Na sua opinião, as tecnologias transformadoras irão desbloquear o potencial das PME e das PMI de África, que representam 95% do PIB na África Subsariana. "Se estas empresas utilizarem a IA corretamente, África assistirá a um enorme progresso", garante.
No entanto, há dimensões sociais e éticas na IA que precisam de ser examinadas tanto pelos governos como pelos disruptores. Como tal, é necessário um ambiente regulamentar favorável à inovação que também possa mitigar os riscos emergentes associados à IA.

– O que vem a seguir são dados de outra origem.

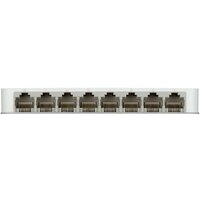 Неуправляемый коммутатор D-Link DGS-1008A - Превью изображения №2 — Интернет-магазин ПроЗаказ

"A IA não vai perturbar tudo no mundo. Não vai criar empregos para toda a gente", adverte Adeagbo. Os excessos das redes sociais (sexismo, aumento da mercantilização das mulheres, etc.), as ‘fake news’, a darkweb, as implicações interculturais e a utilização indevida da IA para desenvolver armas são falhas que têm de ser corrigidas e antecipadas.

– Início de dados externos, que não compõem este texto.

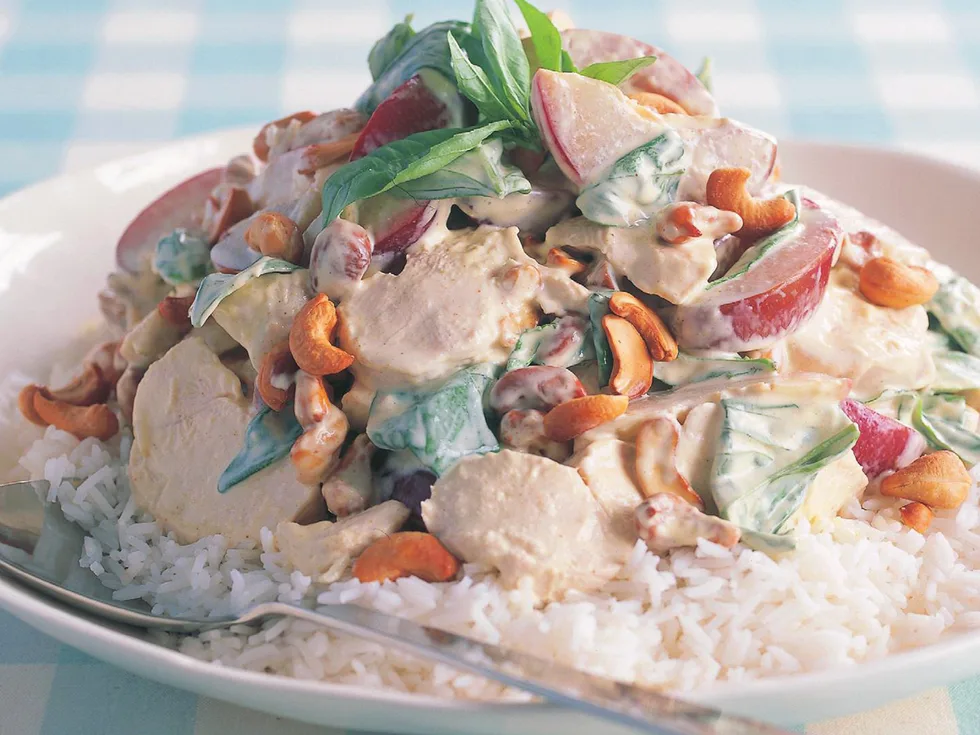 Coronation chicken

"Precisamos de conselhos de IA para determinar os setores em que a IA será utilizada. Imaginemos uma empresa que emprega 200 pessoas e a IA faz o trabalho de 20 pessoas, será que a empresa as vai despedir”, questionou.
Para além da educação desde tenra idade, os membros do painel apelam aos países africanos para que façam escolhas inteligentes e urgentes, promovam a colaboração entre os setores público e privado, criem um ecossistema robusto e reproduzam as melhores práticas entre países. O acesso das mulheres à tecnologia também tem de ser facilitado, apesar de há muito terem ultrapassado a barreira invisível, como na Nigéria, onde muitas mulheres dirigem grandes empresas, incluindo no setor digital.
Sem minimizar o impacto da tecnologia e das redes sociais no tecido social e até linguístico, Adnane Ben Halima sublinha que o problema reside antes na resistência à mudança. "É um problema de mentalidade. As ferramentas digitais trazem transparência, mas as pessoas têm de sair da sua zona de conforto", afirma, sublinhando que o problema não é apenas técnico. "Se quisermos implementar infraestruturas tecnológicas, é muito rápido, podemos ajudar a obter o financiamento, mas é necessário apoio ao mais alto nível do governo para que as pessoas aceitem as mudanças", afirma. Deu o exemplo da Huawei, que criou um "banco de talentos" para criar empregos e reter jovens talentos em África, bem como o programa "Women In Africa" destinado às mulheres. Apela também ao desenvolvimento de infraestruturas para reduzir as disparidades de conectividade entre países, regiões e géneros. Isto é particularmente importante para as mulheres, uma vez que 40% delas não estão ligadas à Internet. Recomenda igualmente o desenvolvimento do armazenamento de dados no continente, como foi feito no Senegal com a criação do centro de dados Diamniadio.